Royal Thai: Crown Terrace, Aberdeen

By Scott Begbie

Published: 13/02/2009

GEOGRAPHY has never been my strong point, but I’m fairly sure that Thailand is not a cold country.

So how come it has produced a cuisine that is just perfect for driving away the winter blues?

Trudging through the snow and ice to get to Royal Thai, my wee family were greeted with mouth-watering, soul-warming smells, sunny smiles and a promise of some fine food in our near future.

There was even a bit of mystery waiting in the wings, but more about that later.

Our first challenge was to decide what to have from the extensive menu. Do we go banquet or a la carte? Sharies or individual dishes?

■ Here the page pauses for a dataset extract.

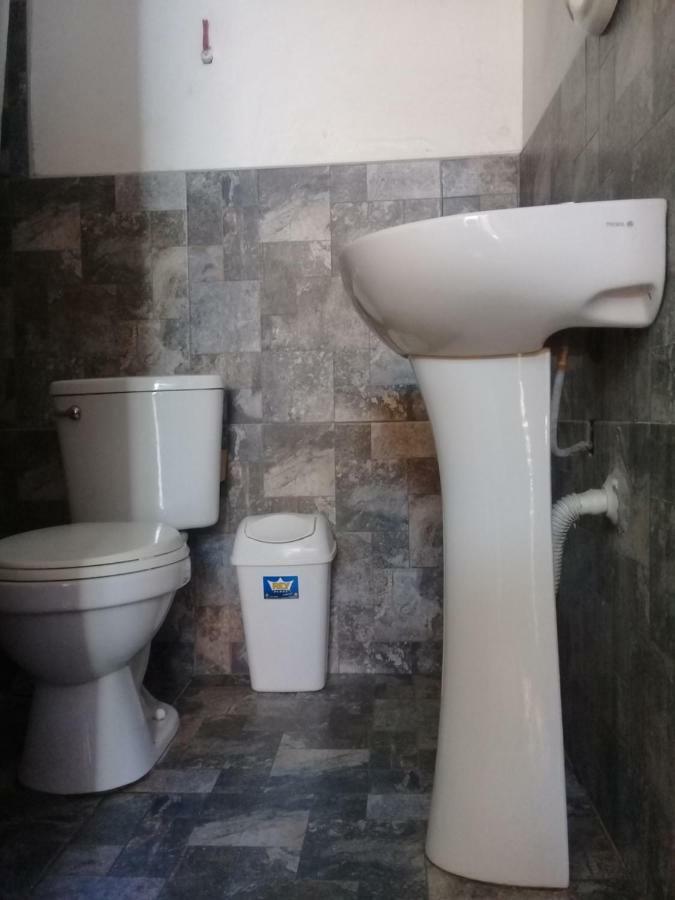 איקה Hospedaje Rocha מראה חיצוני תמונה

In the end we opted for doing our own thing after sharing a starter, the grandly-titled Tom Sum Rub, or royal starter for two (£11.50).

This was an excellent pick-and- mix trot through Thai delicacies, such as meaty, spicy ribs, to delicate, flavour- packed spring rolls and piquant fish cakes.

It also had the unusual – noodle-wrapped seafood in which a crispy nest-like coating gave way to tender, juicy prawns.

And it had the aforementioned mystery – chicken wrapped in pandanas leaves, whatever they are. This was a parcel of greenery that, for the first time in years, had me wondering how to eat an item of food.

Do you bite through? Eh, no, I realised when I ended up with a mouthful of inedible leaf.

Unwrap it then, and inside you find a chunk of delicate chicken imbued with a bitterish taste, as if steeped in tea. I loved it, the boy hated it. Takes all sorts.

Still the loon had nothing to complain about with his main course. His honey chilli chicken (£8) was sweet, spicy and had the most tender breast meat in the lightest batter. Much “yumming” followed.

My missus, meanwhile, was underwhelmed by her Beef Emperor (£8.50), a Thai take on beef in oyster sauce. Not enough oomph for her, but I thought it was delicious.

The beef itself was tender and tasty and garlic and spring onion flavours subtly pleasing.

Not that I had too much of hers, though. I was far too busy stuffing my face with homok talay (£8.90).

In essence, a seafood red curry, it was superb, all up-front fire and subtle aniseed notes.

There was a mound of squid, king prawn and mussels, although – disappointingly – only one crab claw. Fine though.

In fact, it was a fine night all round.

My only major quibble was a 10% service charge being automatically slapped on, while the card slip left space for a tip to be added. Tut, tut.

Still that didn’t cool my passion for this warm Thai treat.